3 Mathematical development

3.1 Signal model

The signal that we propose to analyse is the full-disk measurement from GOLF [Gabriel et al. 1995]. It is regularly sampled and does not present any gaps. This signal is well known [Lazrek et al. 1997] for containing l=0 to 3 modes and marginally l=4 and l=5. Higher degree modes are averaged and remain, in particular in the lower frequency range, well below the noise level.

The signal is down-sampled to 80 s after being filtered above 12 MHz to avoid aliasing.

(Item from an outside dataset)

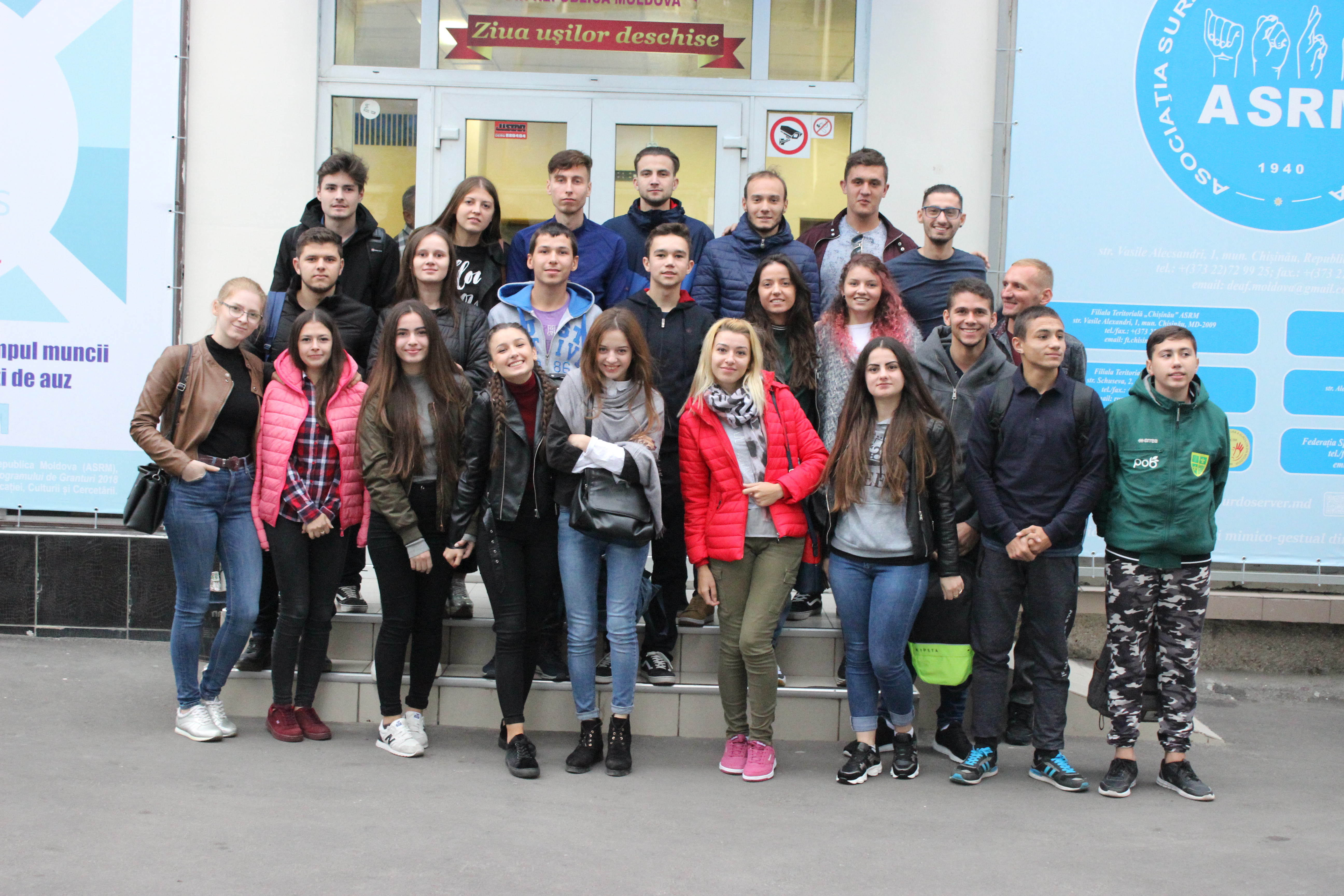 <center>Seminar Workshop cu tema"Identitatea surzilor tineri"</center>[:] Image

A small bandwidth of $\sim 6~ \mu {\rm Hz}$ around an l=1 mode contains only a known number of modes. The wings of the modes surrounding the bandwidth studied can be regarded as an additional white noise.

It can be easily demonstrated that when $T_{\rm s}\nu_0 \ll 1$ where $T_{\rm s}$ is the sampling frequency, the samples from the continuous model (1) verify a second order autoregressive equation:

x_n^(k)=-a₁^(k) x_n-1^(k)-a₂^(k) x_n-2^(k)+e_n^(k),
(2)

where e_n^(k) is a Gaussian white noise excitation. The index k references the mode. This can be proved using the filter representation of the process and converting the analog filter to a discrete filter using the backward approximation. Various statistical justifications of this model can be found for example in [Priestley 1994].

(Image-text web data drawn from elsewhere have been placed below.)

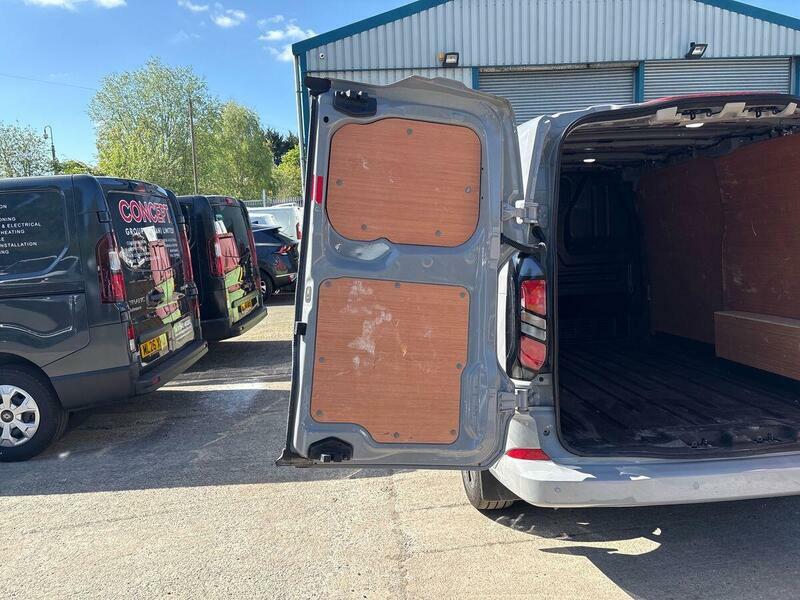 Ford Transit Custom Custom 320 Sport L1 Swb Rwd 160Kw 65Kwh Low R Grey #45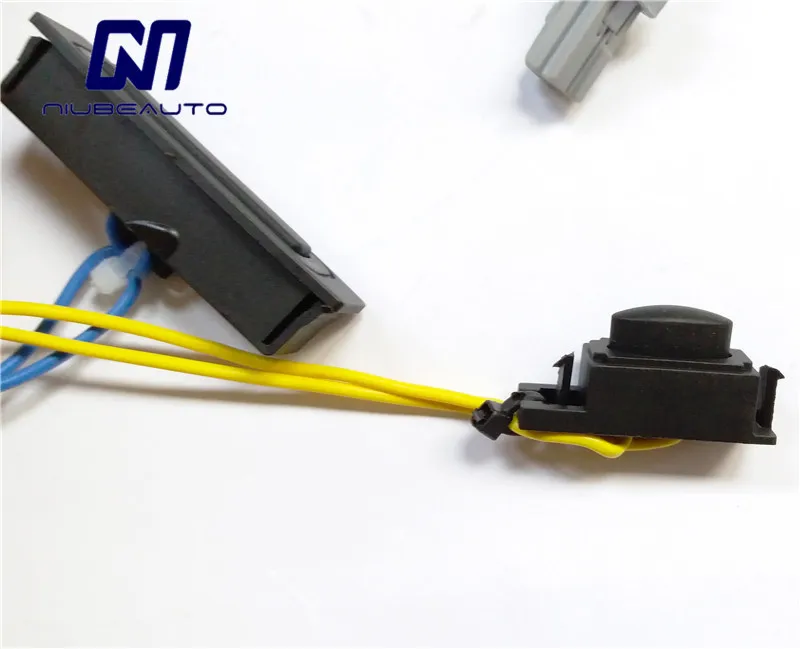 New Trunk Switch Opner For Nissan Tiida C11 LATIO Versa 25380-ED002 25380ED002 4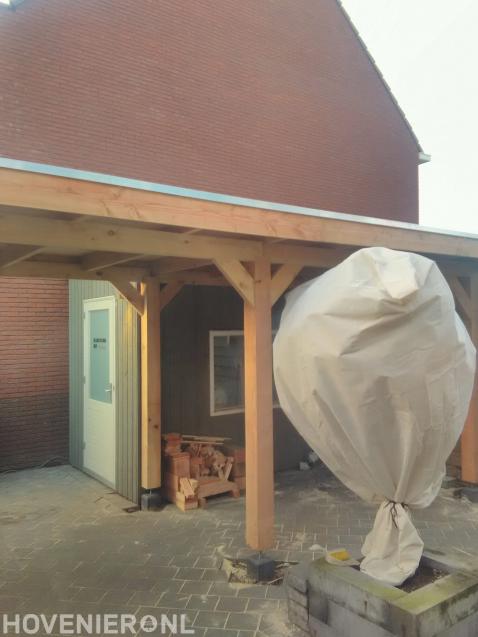 Houten carport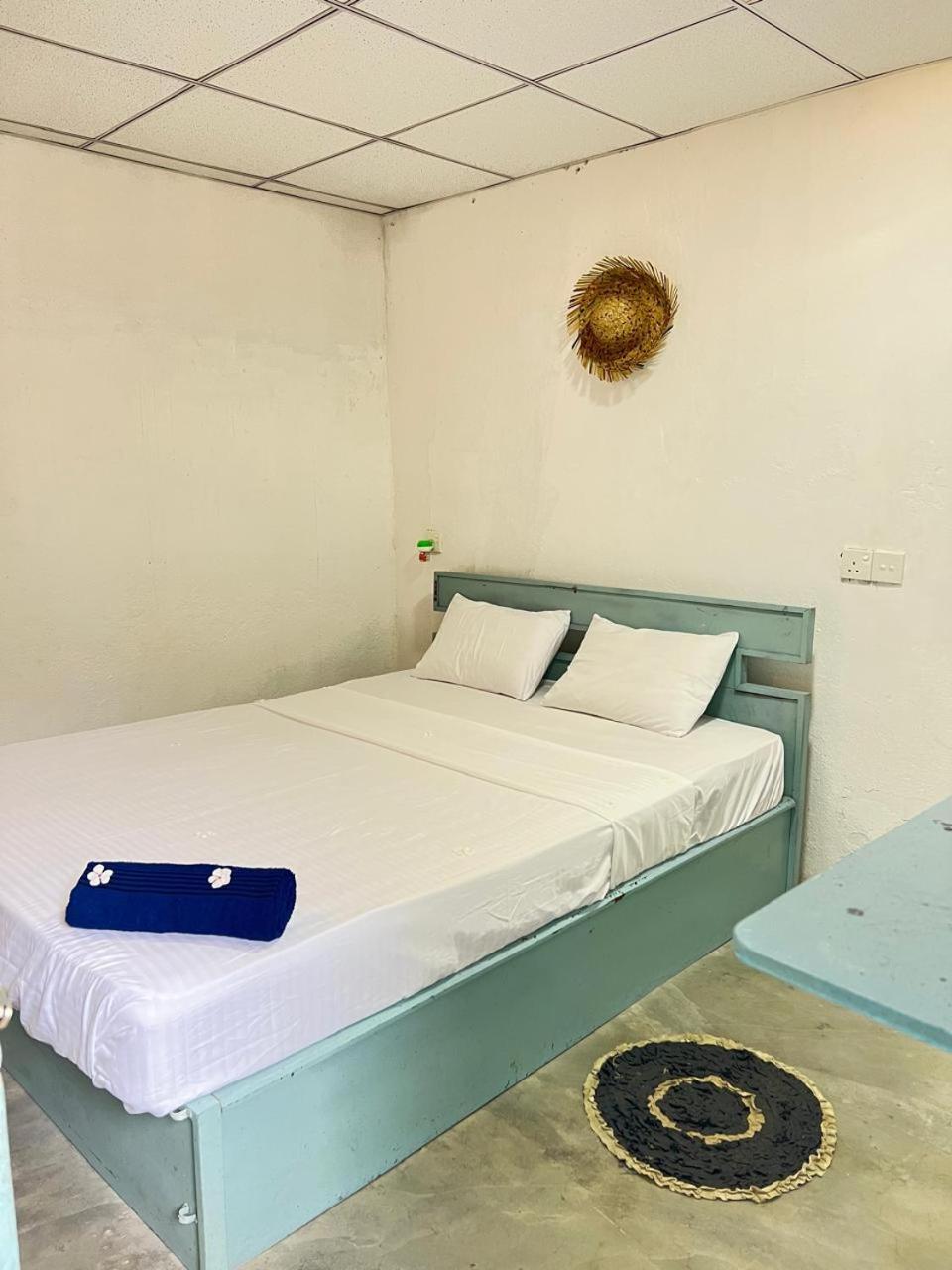 Double Room With Patio photo 1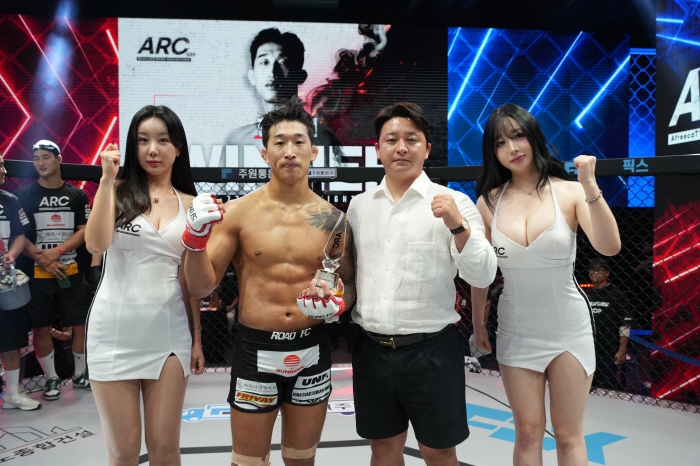 아키우노 종합건설 박준혁 대표, 승리한 한상권에게 트로피 시상[ARC00…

It is worth noting that the width of the analysed frequency bands corresponds to an innovation rate of 2 days. The hypothesis of temporal independence of the excitation signal e_n^(k) is justified by statistical analysis of the mode power already mentioned in Sect. 2 and in particular by the absence of correlation found by Foglizzo et al.

Finally, we assume that the measured signal y_n is the sum of L modes:

$\begin{displaymath} y_n=\sum_{k=1}^L x_n^{(k)}+w_n, n=0,~\ldots,~N-1,\end{displaymath}$ (3)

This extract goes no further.